The measuring continues through chapter 42. When we come to chapter 43 we read, “Then he led me to the gate, the gate facing east. And behold, the glory of the God of Israel was coming from the east. And the sound of his coming was like the sound of many waters, and the earth shone with his glory. And the vision I saw was just like the vision that I had seen when he came to destroy the city, and just like the vision that I had seen by the Chebar canal. And I fell on my face. As the glory of the Lord entered the temple by the gate facing east, the Spirit lifted me up and brought me into the inner court; and behold, the glory of the Lord filled the temple. While the man was standing beside me, I heard one speaking to me out of the temple, and he said to me, ‘Son of man, this is the place of my throne and the place of the soles of my feet, where I will dwell in the midst of the people of Israel forever. And the house of Israel shall no more defile my holy name, neither they, nor their kings, by their whoring and by the dead bodies of their kings at their high places, by setting their threshold by my threshold and their doorposts beside my doorposts, with only a wall between me and them. They have defiled my holy name by their abominations that they have committed, so I have consumed them in my anger. Now let them put away their whoring and the dead bodies of their kings far from me, and I will dwell in their midst forever.’ As for you, son of man, describe to the house of Israel the temple, that they may be ashamed of their iniquities; and they shall measure the plan. And if they are ashamed of all that they have done, make known to them the design of the temple, its arrangement, its exits and its entrances, that is, its whole design; and make known to them as well all its statutes and its whole design and all its laws, and write it down in their sight, so that they may observe all its laws and all its statutes and carry them out. This is the law of the temple: the whole territory on the top of the mountain all around shall be most holy. Behold, this is the law of the temple” (Ezekiel 43:1–12, ESV).

In Ezekiel chapter 45 the focus of the vision shifts away from the temple to the land of Israel and to the city of Jerusalem. The last verse of Ezekiel is 48:35 and it says, “And the name of the city from that time on shall be, The Lord Is There” (Ezekiel 48:35, ESV).

New Testament Reading: Revelation 21:9-27

“Then came one of the seven angels who had the seven bowls full of the seven last plagues and spoke to me, saying, ‘Come, I will show you the Bride, the wife of the Lamb.’ And he carried me away in the Spirit to a great, high mountain, and showed me the holy city Jerusalem coming down out of heaven from God, having the glory of God, its radiance like a most rare jewel, like a jasper, clear as crystal.

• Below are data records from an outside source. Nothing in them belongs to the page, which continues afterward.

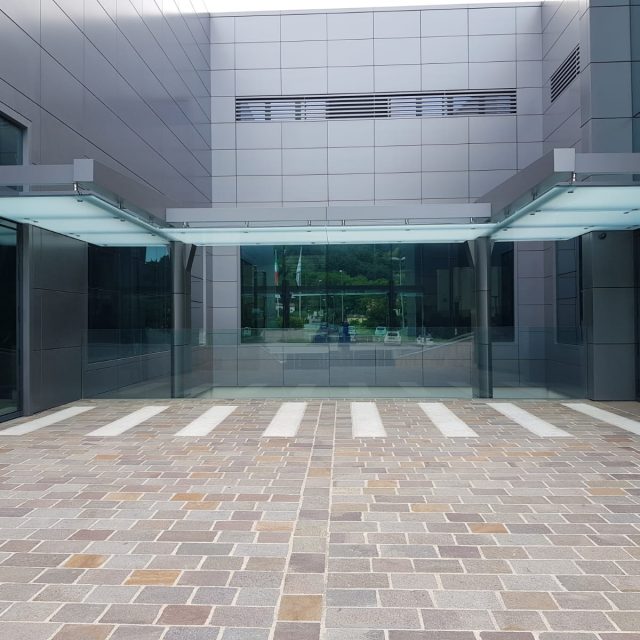 Cantilever roofs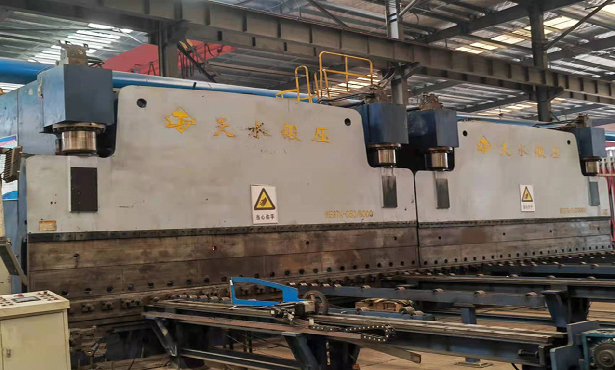 1300T双机联动数控液压折弯机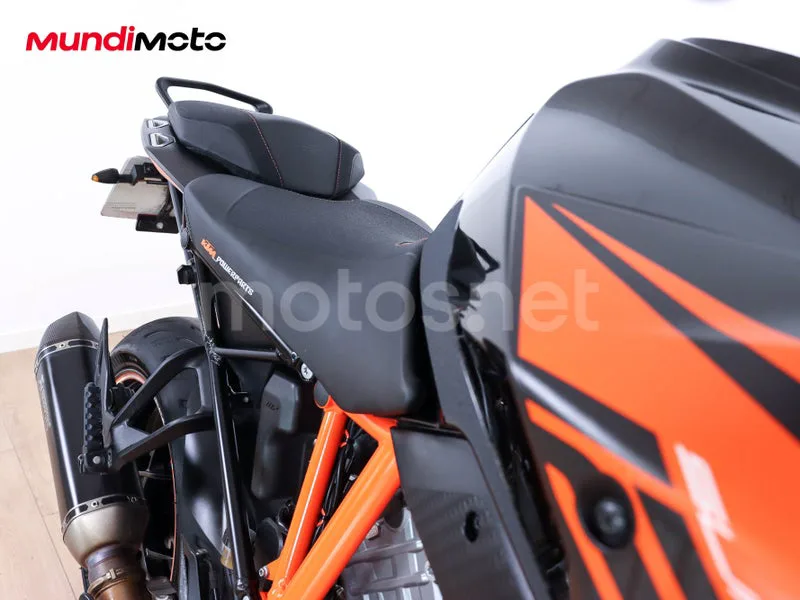 KTM 1290 Super Duke GT - Vista 35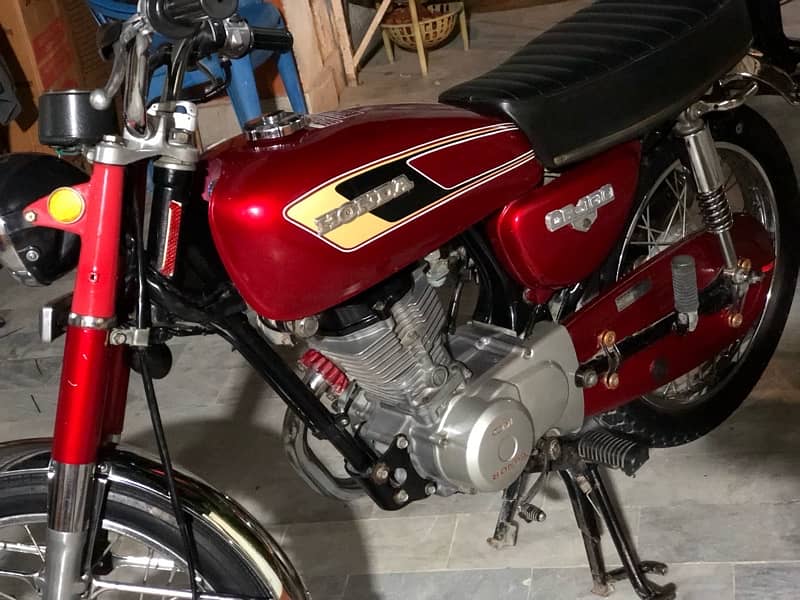 CB100 Honda 1976 model 1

It had a great, high wall, with twelve gates, and at the gates twelve angels, and on the gates the names of the twelve tribes of the sons of Israel were inscribed— on the east three gates, on the north three gates, on the south three gates, and on the west three gates. And the wall of the city had twelve foundations, and on them were the twelve names of the twelve apostles of the Lamb. And the one who spoke with me had a measuring rod of gold to measure the city and its gates and walls. The city lies foursquare, its length the same as its width. And he measured the city with his rod, 12,000 stadia. Its length and width and height are equal. He also measured its wall, 144 cubits by human measurement, which is also an angel’s measurement. The wall was built of jasper, while the city was pure gold, like clear glass. The foundations of the wall of the city were adorned with every kind of jewel. The first was jasper, the second sapphire, the third agate, the fourth emerald, the fifth onyx, the sixth carnelian, the seventh chrysolite, the eighth beryl, the ninth topaz, the tenth chrysoprase, the eleventh jacinth, the twelfth amethyst. And the twelve gates were twelve pearls, each of the gates made of a single pearl, and the street of the city was pure gold, like transparent glass. And I saw no temple in the city, for its temple is the Lord God the Almighty and the Lamb. And the city has no need of sun or moon to shine on it, for the glory of God gives it light, and its lamp is the Lamb. By its light will the nations walk, and the kings of the earth will bring their glory into it, and its gates will never be shut by day—and there will be no night there. They will bring into it the glory and the honor of the nations. But nothing unclean will ever enter it, nor anyone who does what is detestable or false, but only those who are written in the Lamb’s book of life” (Revelation 21:9–27, ESV).

Introduction

There have been times in our study of the book of Revelation that a passage feels overwhelming to preach. This is because many of the visions shown to John are complex. The visions shown to John and recorded for us in the book of Revelation are interconnected. Many of the visions found early in the book of Revelation anticipate later visions, and visions found later in the book of Revelation harken back to earlier visions, so that the individual visions of the book of Revelation are interwoven. And the same thing can be said concerning the relationship between the book of Revelation and the rest of scripture. The visions shown to John constantly connect with Old Testament texts, showing how the prophecies, types and shadows of Old Testament find their fulfillment in Christ during the church age or at the end of time. When I think of the book of Revelation I think of a rich tapestry. The closer you look at it the more aware you become of the complexity of its parts and its interconnectedness. The further back that you stand from the book the more simple, clear and beautiful the picture appears. Here is one of those passages where the interconnectedness of the book of Revelation is most apparent.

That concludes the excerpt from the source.